Moro, Dallagnol e cia.: não adianta mais mentir. Por Eugênio Aragão

Atualizado em 23 de junho de 2019 às 12:11
Sergio Moro

POR EUGÊNIO ARAGÃO, ex-ministro da Justiça

Assim como, no século  XIX, o “combate” da política externa britânica ao tráfico internacional de escravos não tinha qualquer conteúdo moral, também a agenda global de “combate” à corrupção é um engodo.

Os ingleses pouco se lixavam com o destino da mercadoria humana encontrada nos porões dos navios negreiros interceptados em alto mar. Afundavam as embarcações com sua carga, apenas para garantir que não chegasse ao destino.

Hoje, agências de repressão norte-americanas corrompem policiais e procuradores para garantir sua submissão ao programa de aniquilamento da concorrência brasileira no mercado tecnológico de engenharia e prospecção petrolífera.

Transferem-lhes bilhões para criar sua fundaçãozinha, verdadeira arena de Pokémon para exibirem suas chicanas.

Pagam policiais com cursinhos Walita nos EEUU, para que possam comprar espelhinhos e apitos na Times Square. Tudo isso regado a muito elogio pela disposição brasileira de “cooperar”.

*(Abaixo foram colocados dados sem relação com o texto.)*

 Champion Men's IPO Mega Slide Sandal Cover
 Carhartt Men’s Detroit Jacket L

Os ingleses fizeram do tráfico negreiro um crime de jurisdição universal à analogia com a pirataria e os norte-americanos impuseram à corrupção como crime de jurisdição universal também, como se crime contra a humanidade fosse – e, na verdade, para eles, foram e são apenas práticas que atrapalham sua posição no mercado. É o vil metal que conduz o discurso falsomoralista, a mentira e o engodo.

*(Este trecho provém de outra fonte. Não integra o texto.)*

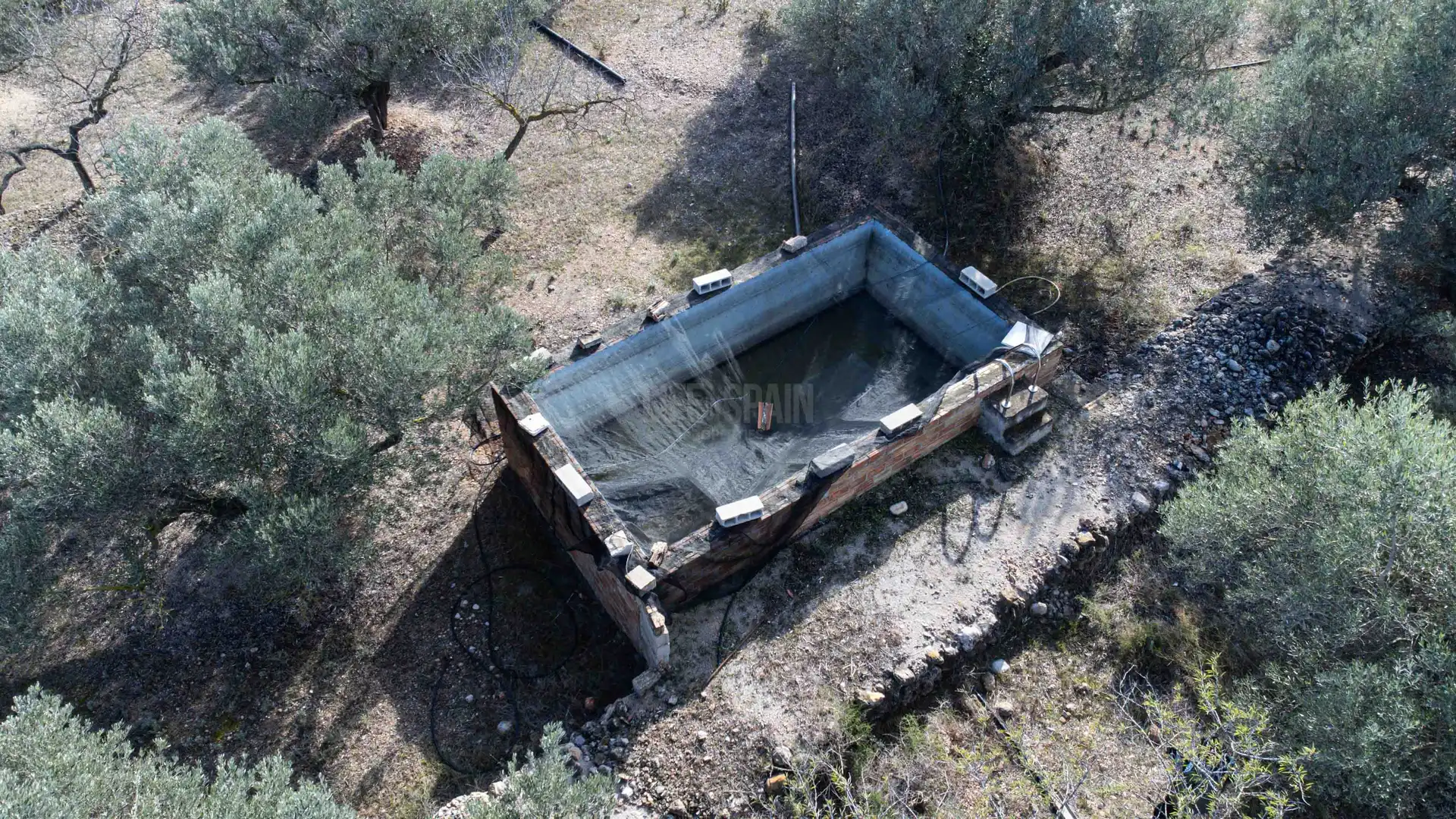 Landhaus mit Pool zum Verkauf in Roquetes, imagen 33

Não que o tráfico escravo e a corrupção não sejam condutas abomináveis. O problema é que britânicos continuaram explorando suas colônias a ferro e fogo, submetendo povos inteiros à indignidade desumana e norte-americanos usam seu dinheiro para comprar ditadores e cooptar autoridades de países democráticos a sua agenda de hegemonia global. São sempre os sujos falando dos mal-lavados.

As revelações midiáticas da chamada #vazajato mostram, hoje, claramente o móvel político daqueles que durante cinco anos posaram mentirosamente de salvadores da pátria com o discursinho mequetrefe de “Corrupção Não!”.

Mostram, mais, que a mentira daqueles que diziam combater o crime tinha sistema.

Envolvia grandes jornais, televisão, o procurador-geral da República, magistrados em diversas instâncias, todos mobilizados pelo ódio ao petismo e aos governos que tiraram milhões da miséria sem o protagonismo dos donos tradicionais do poder.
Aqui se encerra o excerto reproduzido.